- **What is expected**
Starting at the line below that contains "La Famillie Kuşadası" and ending at the line that contains "Vintage Ring Octagon", retype each line exactly as it stands, but omit the pictures.
**** Data records ****
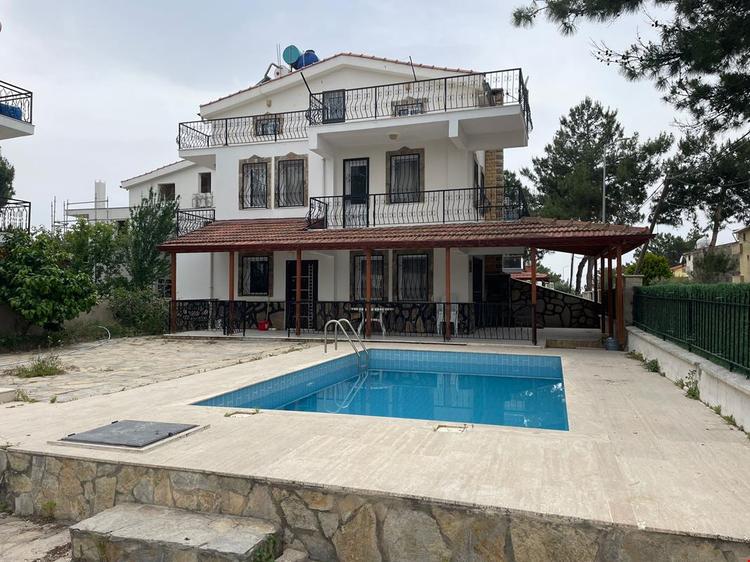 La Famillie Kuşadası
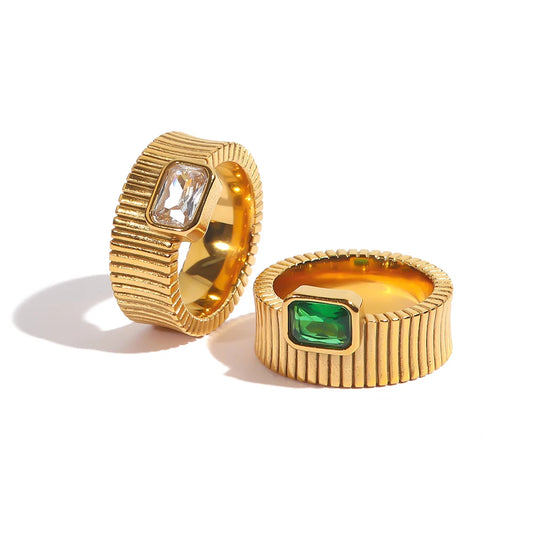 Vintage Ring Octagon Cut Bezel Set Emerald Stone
****
**** Data records ****
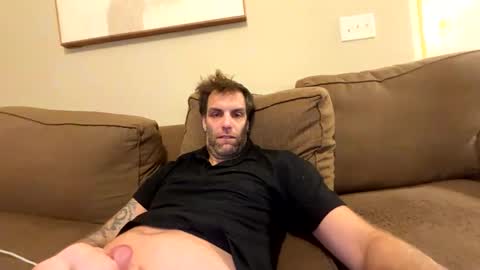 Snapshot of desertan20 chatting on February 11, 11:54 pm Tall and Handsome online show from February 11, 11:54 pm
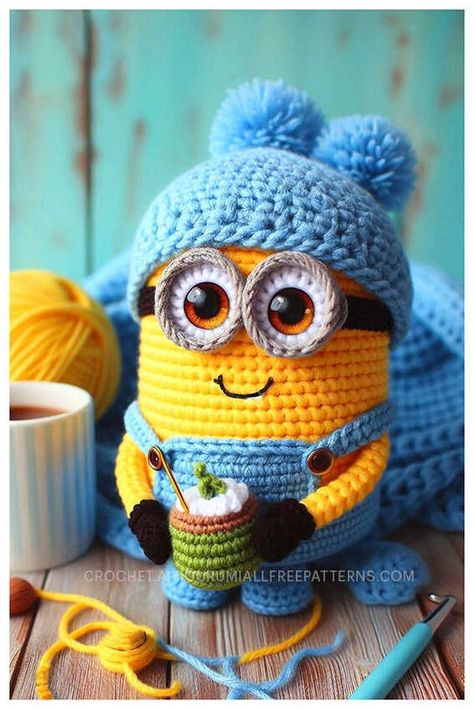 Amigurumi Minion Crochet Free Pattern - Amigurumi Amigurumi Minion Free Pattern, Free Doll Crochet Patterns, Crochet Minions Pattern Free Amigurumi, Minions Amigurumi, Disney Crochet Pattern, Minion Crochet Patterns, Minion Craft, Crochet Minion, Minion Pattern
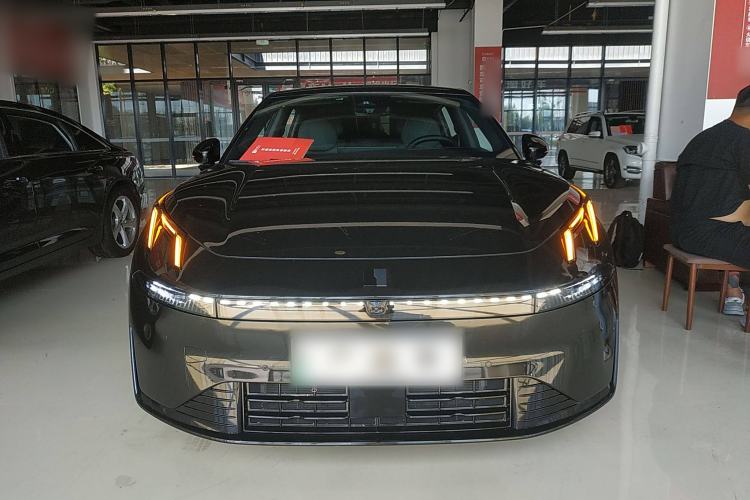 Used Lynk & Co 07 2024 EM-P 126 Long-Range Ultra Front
****
**** Data records ****
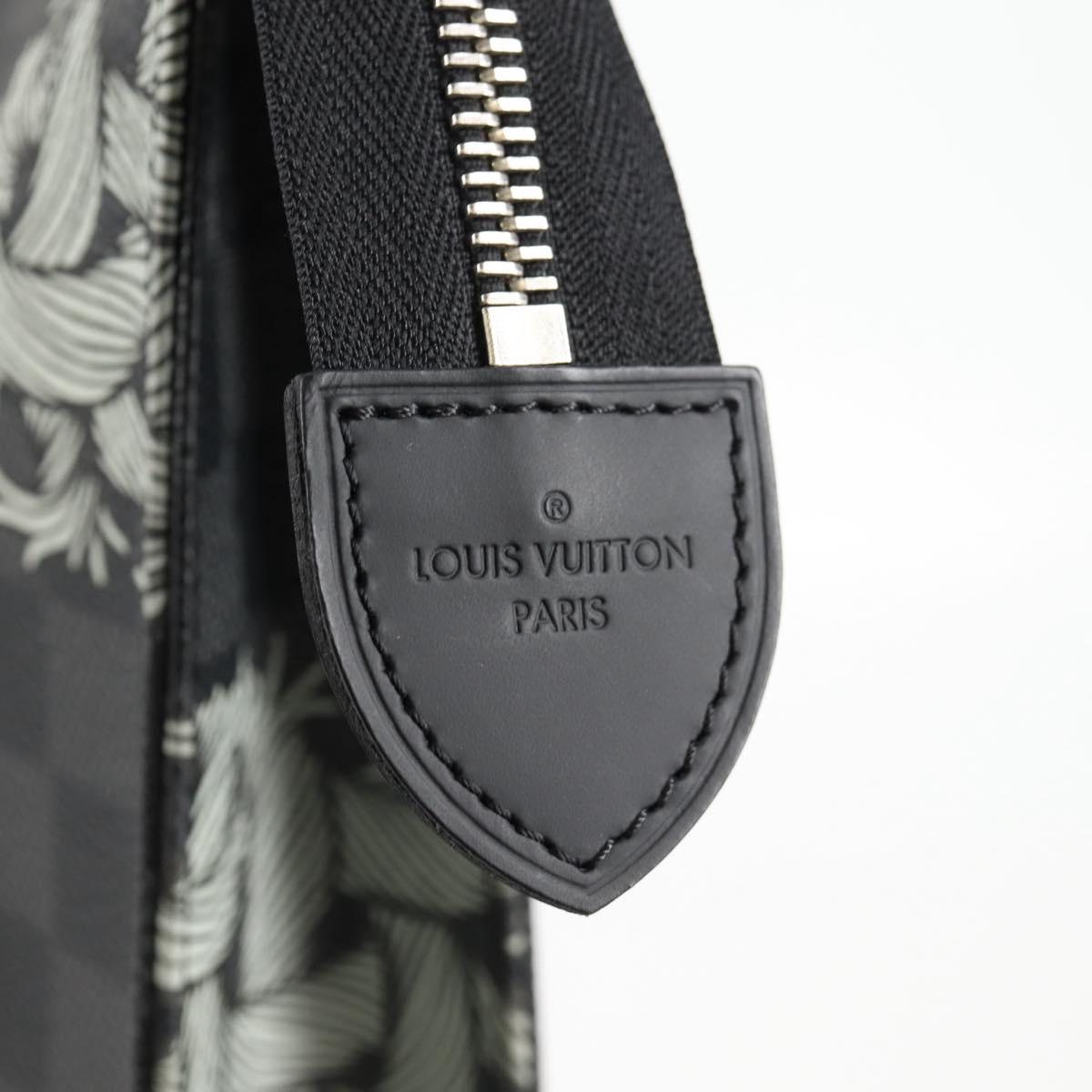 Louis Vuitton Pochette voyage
****
- **Task output**
 La Famillie Kuşadası
 Vintage Ring Octagon Cut Bezel Set Emerald Stone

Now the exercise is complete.